FusedFeedForward
- class paddle.incubate.nn. FusedFeedForward ( d_model: int, dim_feedforward: int, dropout_rate: float = 0.1, epsilon: float = 1e-05, activation: str = 'relu', act_dropout_rate: float | None = None, normalize_before: bool = False, linear1_weight_attr: ParamAttrLike | None = None, linear1_bias_attr: ParamAttrLike | None = None, linear2_weight_attr: ParamAttrLike | None = None, linear2_bias_attr: ParamAttrLike | None = None, ln1_scale_attr: ParamAttrLike | None = None, ln1_bias_attr: ParamAttrLike | None = None, ln2_scale_attr: ParamAttrLike | None = None, ln2_bias_attr: ParamAttrLike | None = None, nranks: int = 1, ring_id: int = -1, name: str | None = None ) [source]
- 
         - Parameters
- 
           - d_model (int) – The expected feature size in the input and output. 
- dim_feedforward (int) – The hidden layer size. 
- dropout_rate (float, optional) – The dropout probability used in pre-process and post-precess. Default 0.1 
- epsilon (float, optional) – he small value added to the variance to prevent division by zero. Default: 1e-05. 
- activation (str, optional) – The activation function. Default relu. 
- act_dropout_rate (float, optional) – The dropout probability after activation. If None, use the value of dropout_rate. Default None 
- normalize_before (bool, optional) – Indicate whether to put layer normalization into, preprocessing or postprocessing. Default False 
- linear1_weight_attr (ParamAttr, optional) – To specify the weight parameter property for FFN first linear. Default: None, which means the default weight parameter property is used. See usage for details in - ParamAttr.
- linear1_bias_attr (ParamAttr|bool, optional) – To specify the bias parameter property for FFN first linear. The False value means the corresponding layer would not have trainable bias parameter. Default: None, which means the default bias parameter property is used. See usage for details in - ParamAttr.
- linear2_weight_attr (ParamAttr, optional) – To specify the weight parameter property for FFN second linear. Default: None, which means the default weight parameter property is used. See usage for details in - ParamAttr.
- linear2_bias_attr (ParamAttr|bool, optional) – To specify the bias parameter property for FFN second linear. The False value means the corresponding layer would not have trainable bias parameter. Default: None, which means the default bias parameter property is used. See usage for details in - ParamAttr.
- ln1_scale_attr (ParamAttr, optional) – To specify the weight parameter property for FFN pre_layer_norm. Default: None, which means the default weight parameter property is used. See usage for details in - ParamAttr.

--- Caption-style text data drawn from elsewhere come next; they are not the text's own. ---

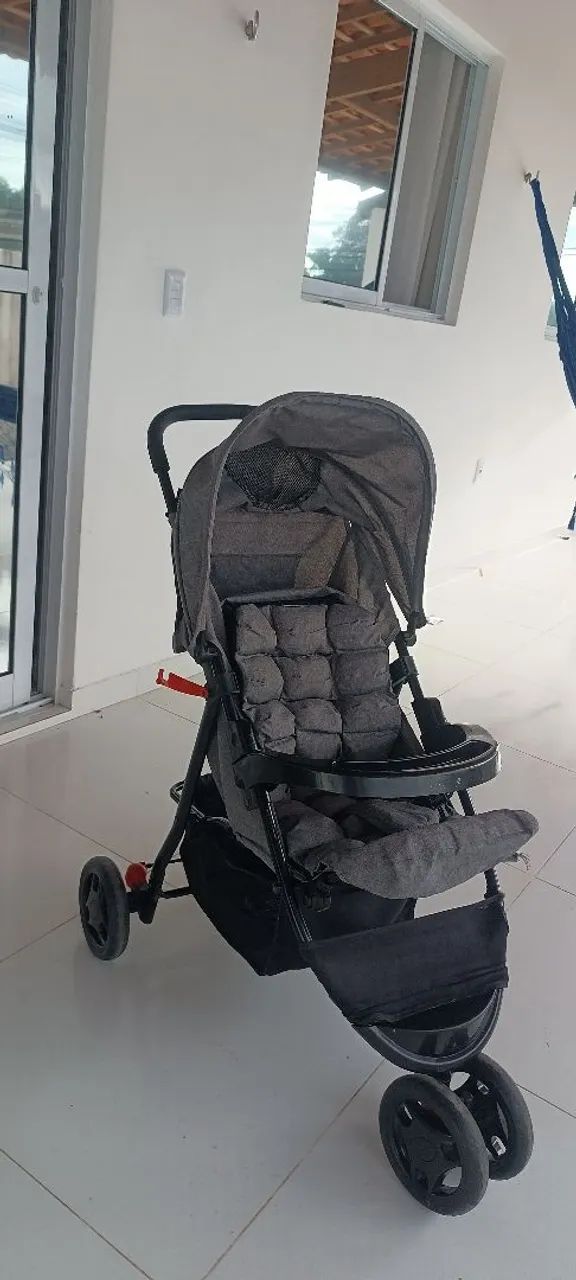 Carrinho de bebê com bebê conforto 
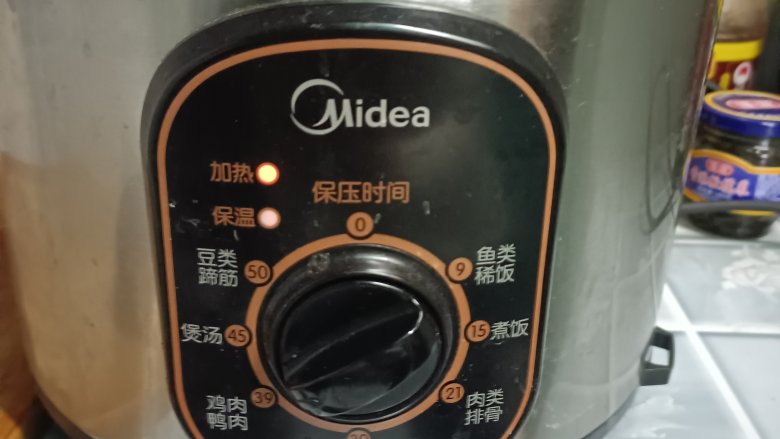 卤猪蹄和鸡爪,上锅煮40分钟,先不要加盐;等40分钟后,加入盐,拔掉电源浸泡半天,让肉充分入味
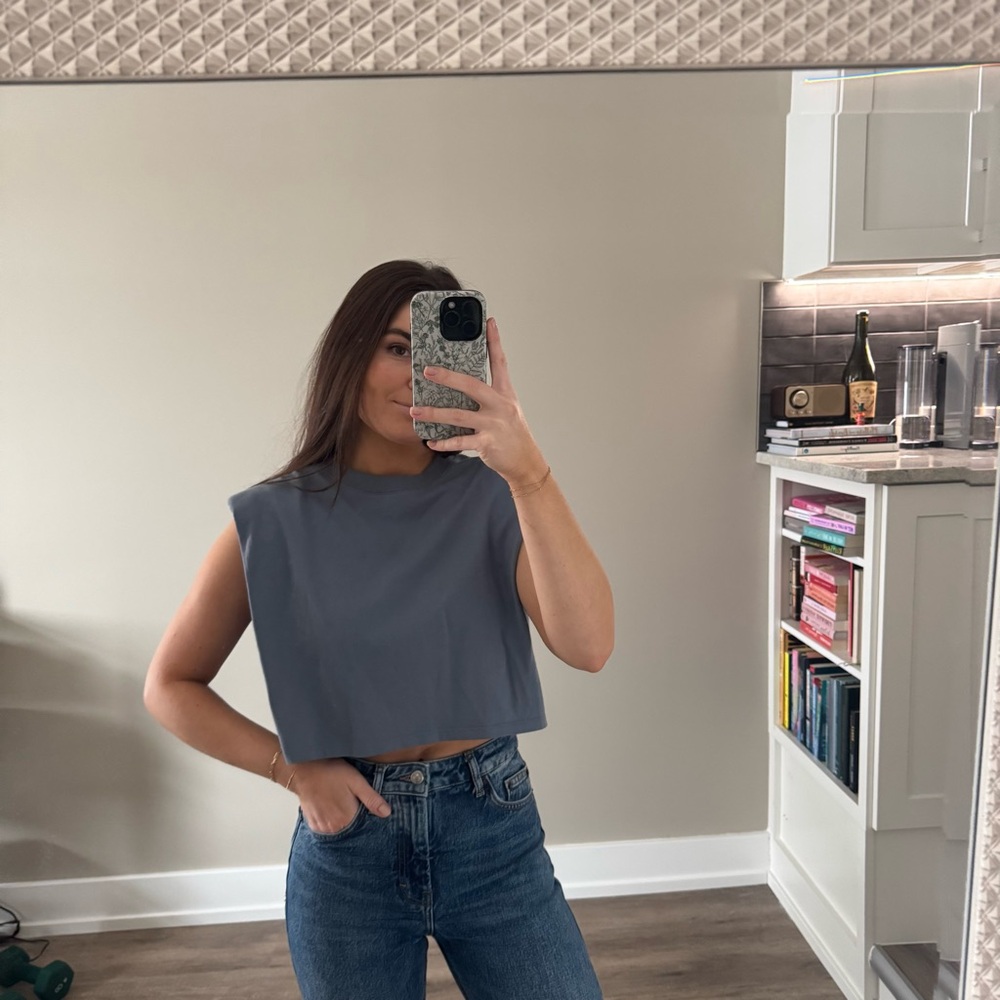 Aritzia Shoulder Pad Cropped Top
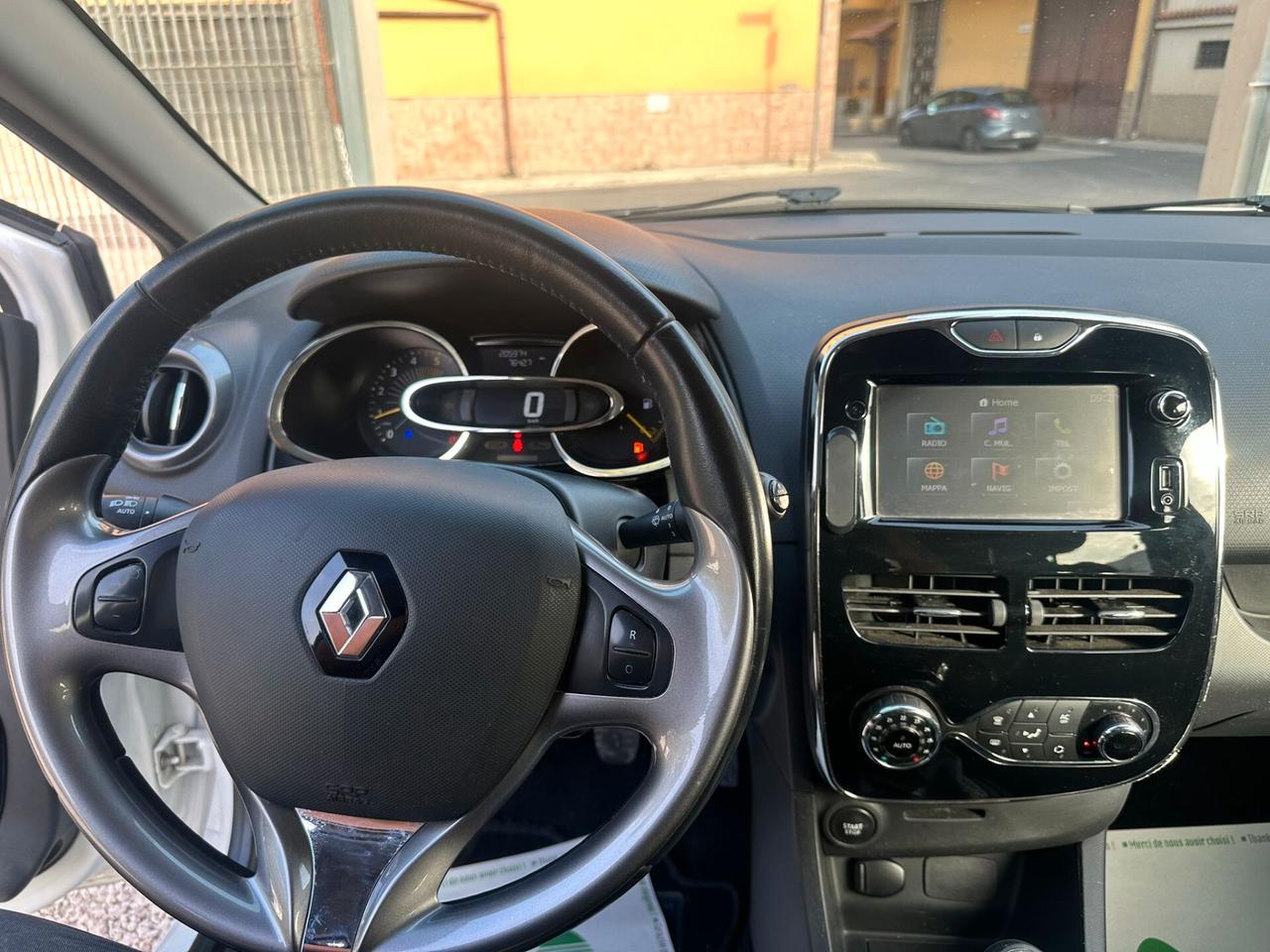 Renault Clio 1.5 dCi 8V 75CV CosTume NaTionAL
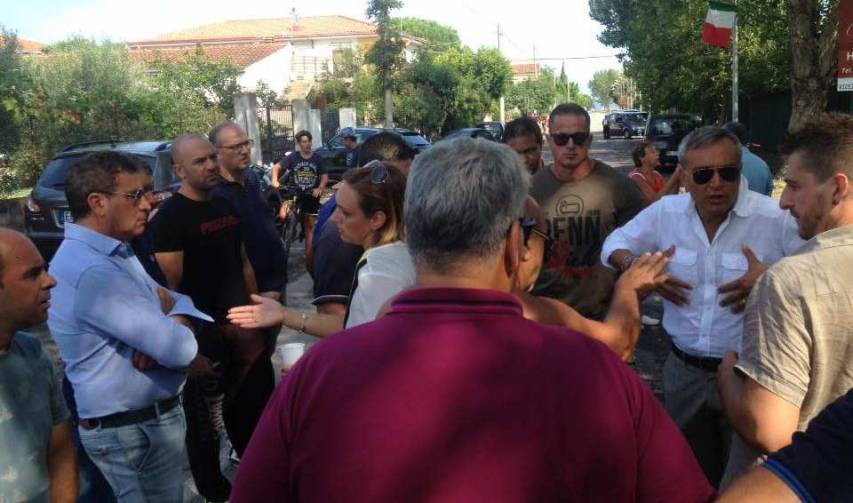 Protesta a Rossano per l'arrivo di 200 migranti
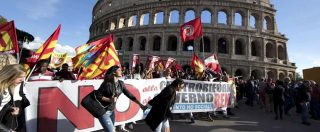 Copertina di #NoRenziDay, corteo a Roma contro riforma e governo. Storie di “lavoro sotto ricatto”, ecco quelle raccolte in piazza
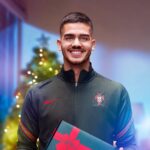 André Silva Instagram – To all of you and specially for those who can’t be gathered with family at this time, I wish you a merry Christmas full of peace, joy and love.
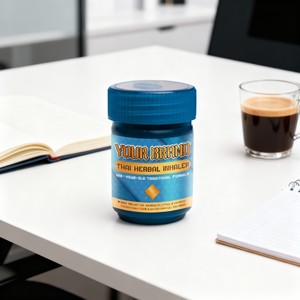 ยาหม่องพลาสติกแบบแห้งชนิดพ่นจมูกสมุนไพรไทยผสมเมนทอลธรรมชาติ ตะไคร้หอม และกัญชาเพื่อการหายใจที่สดชื่น - Product Image 4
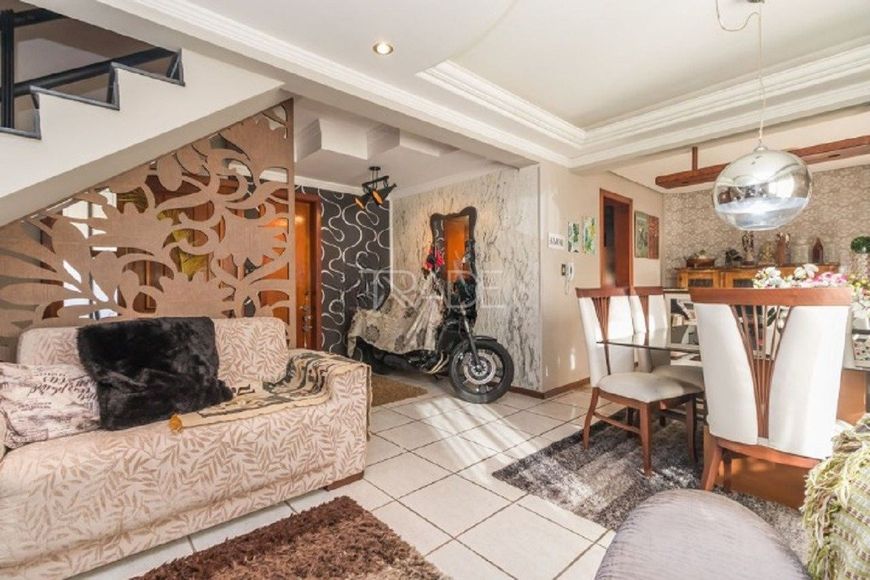 Casa em condomínio, próximo ao Jardim Verde, zona sul de Porto Alegre.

- ln1_bias_attr (ParamAttr|bool, optional) – To specify the bias parameter property for FFN pre_layer_norm. The False value means the corresponding layer would not have trainable bias parameter. Default: None, which means the default bias parameter property is used. See usage for details in - ParamAttr.
- ln2_scale_attr (ParamAttr, optional) – To specify the weight parameter property for FFN post_layer_norm. Default: None, which means the default weight parameter property is used. See usage for details in - ParamAttr.
- ln2_bias_attr (ParamAttr|bool, optional) – To specify the bias parameter property for FFN layer_norm. The False value means the corresponding layer would not have trainable bias parameter. Default: None, which means the default bias parameter property is used. See usage for details in - ParamAttr.
- nranks (int, optional) – Distributed tensor model parallel nranks. Default is 1, means not using tensor parallel. 
- ring_id (int, optional) – For distributed tensor model parallel. Default is -1, means not using tensor parallel. 
- name (str, optional) – The default value is None. Normally there is no need for user to set this property. For more information, please refer to api_guide_Name. 
 
 Examples >>> >>> import paddle >>> from paddle.incubate.nn import FusedFeedForward >>> paddle.device.set_device('gpu') >>> fused_feedforward_layer = FusedFeedForward(8, 8) >>> x = paddle.rand((1, 8, 8)) >>> out = fused_feedforward_layer(x) >>> print(out.shape) [1, 8, 8] - 
            
           forward
           (
           src: Tensor, 
           cache: Tensor | None = None
           ) 
            Tensor
           forward¶
- 
           Defines the computation performed at every call. Should be overridden by all subclasses. - Parameters
- 
             - *inputs (tuple) – unpacked tuple arguments 
- **kwargs (dict) – unpacked dict arguments 
 
 
 - 
            
           extra_repr
           (
           ) 
            str
           extra_repr¶
- 
           Extra representation of this layer, you can have custom implementation of your own layer.